○シューベルト 交響曲第9番「グレート」 フリッチャイ/ヘッセン放送交響楽団 1955年11月4日(ライブ)
近年、次々に発売されたフリッチャイのライブ録音、放送録音の中でピカ一の演奏。
スケールが大きく、テンポの緩急の激しい演奏で、フルトヴェングラーをもしのぐのではと思います。
第1楽章ではホルンのゆったりした序奏が印象的、主部では第2主題をゆっくり演奏した後の経過部で急にテンポを早め、「おやっ!」と思う部分がありますが、その後の小結尾(?)で、ぐっとテンポを落とし大きな効果を出しています。また、コーダはこの演奏の大団円。テンポを段階的に落とし最後は壮大に終わります。
第2楽章は演奏時間で見るとフルトヴェングラーに次いで遅い。そして、節目節目でぐっとテンポを落としおり、とても印象的な楽章です。もちろん3、4楽章も素晴らしい演奏です。

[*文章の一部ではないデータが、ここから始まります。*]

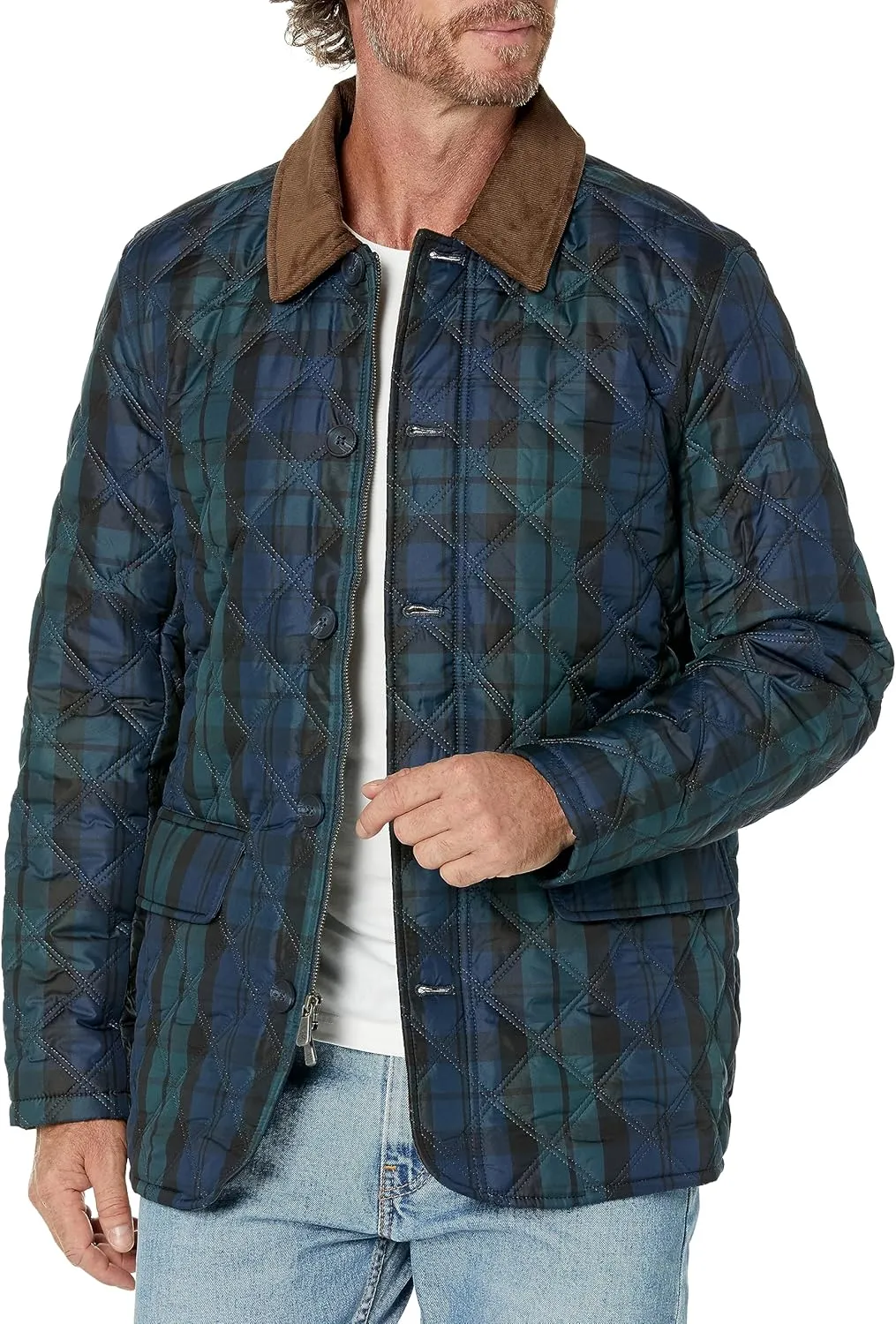 Brooks Brothers Men's Quilted Pattern Walking Coat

私がこの演奏で特に注目したのは1955年の演奏であるということです。フリッチャイは、1954~55年シーズンでアメリカのヒューストン交響楽団の常任指揮者に就任しましたが、わずか8回の定期を指揮しただけで、楽団の運営について楽団側とトラブルになり辞任しています。その後はヨーロッパに戻り、RIAS交響楽団を始め多くのオーケストラに客演しましたが、この時期の録音にはあまりよいものはなかったのです。RIAS交響楽団はフリッチャイが首席指揮者を離れてからレベルが下がったと言われ、1955年2月にフリッチャイと録音したシューマンの「春」もさえない演奏です。また、5月にウィーン交響楽団に客演し、バルトークの第2ピアノ協奏曲やチャイコフスキーの交響曲第5番を指揮していますが、熱気は伝わってくるものの、オーケストラはズタズタという感じです。
そのような訳で、あまり期待していなかったのですが、聴いてみてびっくりしました。こんな最高の演奏だったとは!
フリッチャイが「グレート」を指揮したのは、判明しているだけでベルリン・フィルの定期で2回、ケルン放送交響楽団(ルーア音楽祭)で1回、そして当演奏です。他の演奏は、残念ながら録音が残っていないようです。ベルリン・フィルを指揮した演奏はもっと凄いのだろうと思います。